Il libro contiene quattro studi non più facilmente reperibili, preceduti da una recente ampia introduzione e seguiti in appendice dalla traduzione commentata di scritti poco noti. L’autore si è proposto di dissipare l’aura vaticinante con cui la critica ha ammantato la figura del supposto teorico dei rapporti fra la guerra e la politica. Spiegare che cosa sia “la politica” distinguendo fra policy e politics non serve ad andare molto oltre l’uso delle parole. Il suo significato è alquanto simile a come Foscolo concepiva “la costituzione” di un popolo: fatta di natura, di arti, di forze e costumi prima che di leggi governi e magistrature. Vige in Clausewitz l’idea di “politica” come cosmopoli che in Foscolo, per ragioni di statura culturale, fu assai più multisostanziale. Il primato della statualità e dell’amministrazione l’hanno alquanto rimossa dai nostri orizzonti, ma essa è sempre persistita come intuizione di equilibrio o di ordine naturale.
Nel nuovo clima politico della Restaurazione Clausewitz si propose di riaffermare l’antico principio della dipendenza delle armi dalla “politica” anche qualora i nuovi fenomeni eruttivi dell’attivismo nazional-popolare si fossero potuti ripetere. Con la nuova rivoluzione del 1831 la celebre definizione della guerra come prosecuzione eterostrumentale della politica fu una semplificazione e uno scongiuro che resero l’autore malsicuro del risultato ottenuto col Trattato.

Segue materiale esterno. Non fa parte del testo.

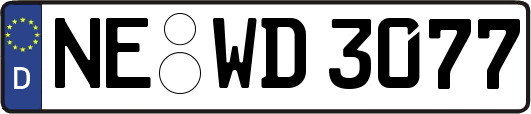 NE-WD3077
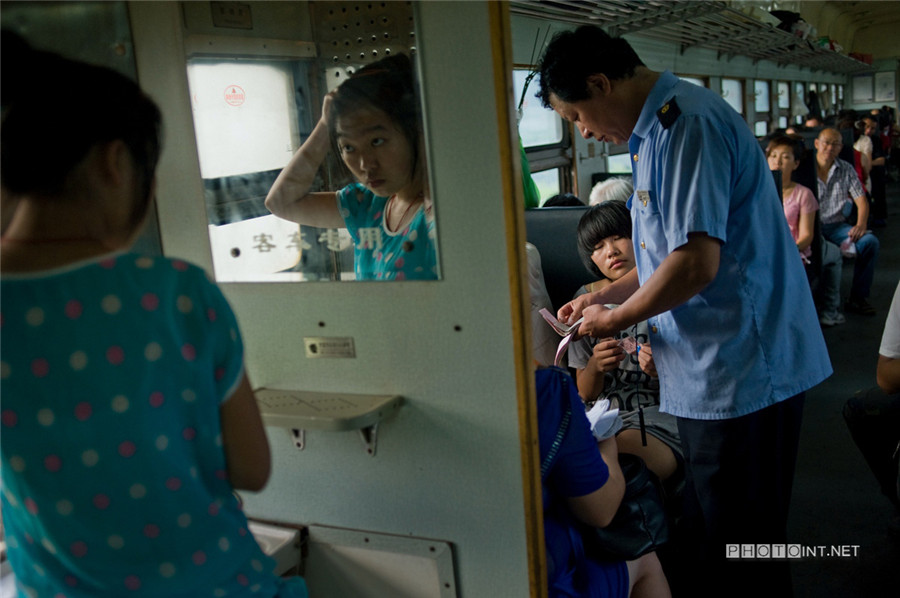 China's journey through green trains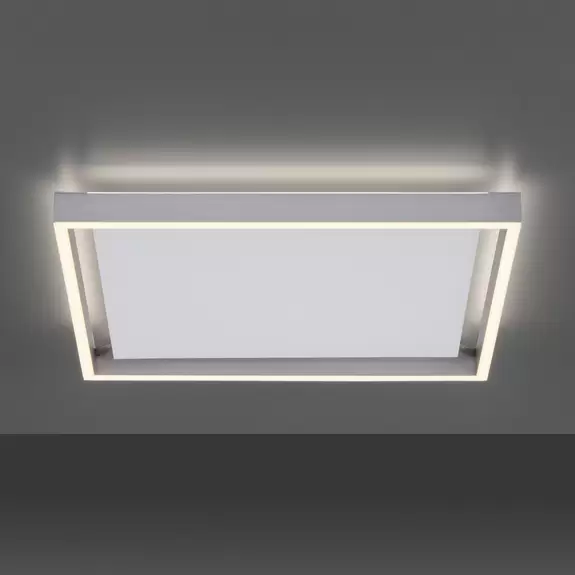 Lampenwelt Paul Neuhaus Q-KAAN LED-Deckenlampe, 45x45cm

Il Vom Kriege non è un’opera incompiuta come il Capitale di Marx, né compiuta a forza come la Critica della ragion pura. L’insoddisfazione dell’autore, che non la volle pubblicare in vita, si spiega con ragioni che hanno qualcosa in comune con l’incompiutezza del Giorno di Parini e delle Grazie di Foscolo. Gli appuntamenti mancati di Bonaparte con Alessandro a Mosca e con Metternich a Dresda non ebbero alcun ruolo nel concepimento del Trattato, che sotto il profilo politico come noi oggi lo intendiamo mostra il suo aspetto più carente. Il pensiero di Clausewitz non può essere messo in dottrina – e nondimeno, come idolum scholae, un trattato non può fare che dottrina, a dispetto dei battaglieri assunti antisistematici giovanili dell’autore. Proprio per questo esso è stato saccheggiato con comodo allo scopo di attualizzarlo. Letture attente di scritti meno conosciuti, che restituiscano il pensiero di Clausewitz alla sua vocazione di scrittore militare, ne possono evitare interpretazioni acrobatiche sempre di moda.